L’arco di opposizione – la Mesa de la unidad democratica (Mud) – va dai partiti tradizionali della IV repubblica, all’estrema destra, ai rimasugli del gruppo armato Bandera Roja che ha rifiutato il chavismo, all’ibrido di Un nuevo tiempo, che si dice di centrosinistra e cova avanguardie oltranziste. Sono in campo due modelli di paese: quello del socialismo bolivariano che, pur con tutti i suoi limiti, ha messo in causa i rapporti di proprietà, e un altro opposto e variamente parametrato sui paradigmi delle democrazie «modello Fmi». Lo scontro ha finora prodotto 37 morti e danni per milioni di dollari alle strutture pubbliche (scuole, biblioteche, parchi). Dal 12 febbraio, sono stati scoperti vari arsenali destinati ai paramilitari, e diversi cittadini stranieri sono stati arrestati a seguito delle intercettazioni telefoniche a un giornalista di Rctv (l’emittente coinvolta nel colpo di stato del 2002). «In un copione scritto a Washington, i media svolgono un ruolo simile a quello che hanno avuto nei massacri del 1994 in Ruanda», hanno denunciato diverse reti, associazioni di giornalisti e «comunicatori sociali per la pace». Nel comunicato finale, i giornalisti hanno invitato i colleghi delle testate internazionali e l’Organizzazione internazionale dei media comunitari a recarsi nel paese per contrastare «il terrorismo mediatico».

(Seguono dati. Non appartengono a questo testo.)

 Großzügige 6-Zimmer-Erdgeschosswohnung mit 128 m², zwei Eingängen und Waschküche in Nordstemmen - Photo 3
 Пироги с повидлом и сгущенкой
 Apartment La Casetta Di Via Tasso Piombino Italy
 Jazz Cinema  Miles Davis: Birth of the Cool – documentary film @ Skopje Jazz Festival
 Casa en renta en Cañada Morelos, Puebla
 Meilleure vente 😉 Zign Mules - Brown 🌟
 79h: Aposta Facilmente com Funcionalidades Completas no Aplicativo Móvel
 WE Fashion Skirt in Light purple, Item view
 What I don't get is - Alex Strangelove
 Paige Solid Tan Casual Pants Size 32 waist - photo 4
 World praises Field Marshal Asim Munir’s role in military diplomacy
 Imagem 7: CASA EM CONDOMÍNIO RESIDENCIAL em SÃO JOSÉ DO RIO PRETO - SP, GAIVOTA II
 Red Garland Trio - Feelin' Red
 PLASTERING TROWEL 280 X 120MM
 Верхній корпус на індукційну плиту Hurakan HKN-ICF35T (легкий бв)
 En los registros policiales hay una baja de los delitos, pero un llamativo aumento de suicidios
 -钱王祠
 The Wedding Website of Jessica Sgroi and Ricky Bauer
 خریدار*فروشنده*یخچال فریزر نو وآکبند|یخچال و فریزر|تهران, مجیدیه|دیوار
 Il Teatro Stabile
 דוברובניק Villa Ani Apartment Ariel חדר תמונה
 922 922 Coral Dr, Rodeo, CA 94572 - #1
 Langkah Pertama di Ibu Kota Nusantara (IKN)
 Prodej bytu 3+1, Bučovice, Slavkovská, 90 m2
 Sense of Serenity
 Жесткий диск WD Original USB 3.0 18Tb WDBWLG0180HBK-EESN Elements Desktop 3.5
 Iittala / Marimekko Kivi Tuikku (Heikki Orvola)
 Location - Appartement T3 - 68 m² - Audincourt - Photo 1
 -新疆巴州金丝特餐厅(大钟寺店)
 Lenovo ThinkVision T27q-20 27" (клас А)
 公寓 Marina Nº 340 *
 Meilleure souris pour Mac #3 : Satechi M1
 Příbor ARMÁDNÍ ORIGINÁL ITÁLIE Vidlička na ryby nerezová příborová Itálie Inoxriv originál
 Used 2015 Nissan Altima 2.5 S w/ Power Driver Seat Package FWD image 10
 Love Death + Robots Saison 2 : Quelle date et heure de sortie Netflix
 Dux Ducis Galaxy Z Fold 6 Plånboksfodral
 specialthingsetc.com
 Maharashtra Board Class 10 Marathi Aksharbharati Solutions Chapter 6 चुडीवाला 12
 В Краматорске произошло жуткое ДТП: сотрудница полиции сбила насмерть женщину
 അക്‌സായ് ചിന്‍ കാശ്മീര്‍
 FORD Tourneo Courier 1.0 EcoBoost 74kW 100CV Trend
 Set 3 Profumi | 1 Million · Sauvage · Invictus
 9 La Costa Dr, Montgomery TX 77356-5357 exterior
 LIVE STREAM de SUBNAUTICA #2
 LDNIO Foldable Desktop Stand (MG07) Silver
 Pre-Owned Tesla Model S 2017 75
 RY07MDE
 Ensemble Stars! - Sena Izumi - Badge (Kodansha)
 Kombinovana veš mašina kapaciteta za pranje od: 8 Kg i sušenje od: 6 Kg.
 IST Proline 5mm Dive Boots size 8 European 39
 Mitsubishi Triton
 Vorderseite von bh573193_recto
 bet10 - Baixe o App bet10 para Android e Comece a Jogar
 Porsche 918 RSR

Ieri, il Vaticano ha comunicato di essere disposto e anzi desideroso di mediare tra governo e opposizione, come ha indicato la missione di pace della Unasur. «Per noi va bene – ha detto Maduro – ma il mediatore perderà il suo tempo, perché l’opposizione rifiuterà il dialogo». Gli oltranzisti capitanati da Maria Corina Machado (grande sponsor degli Usa) hanno infatti già risposto: niente dialogo finché non sarà liberato il leader di Voluntad popular, Leopoldo Lopez, in carcere con l’accusa di associazione a delinquere con finalità di terrorismo. Il loro obiettivo è quello di ottenere, con ogni mezzo, la rinuncia del «dittatore Maduro, servo dei cubani». Una dittatura – dice una vignetta che impazza in Venezuela – è quella in cui puoi girare in macchina con un cartello di «S.o.s Venezuela» (la campagna di opposizione) senza che ti succeda niente. Una democrazia è quella in cui se porti in giro la scritta «No alle guarimbas» ti spaccano la macchina e pure la faccia.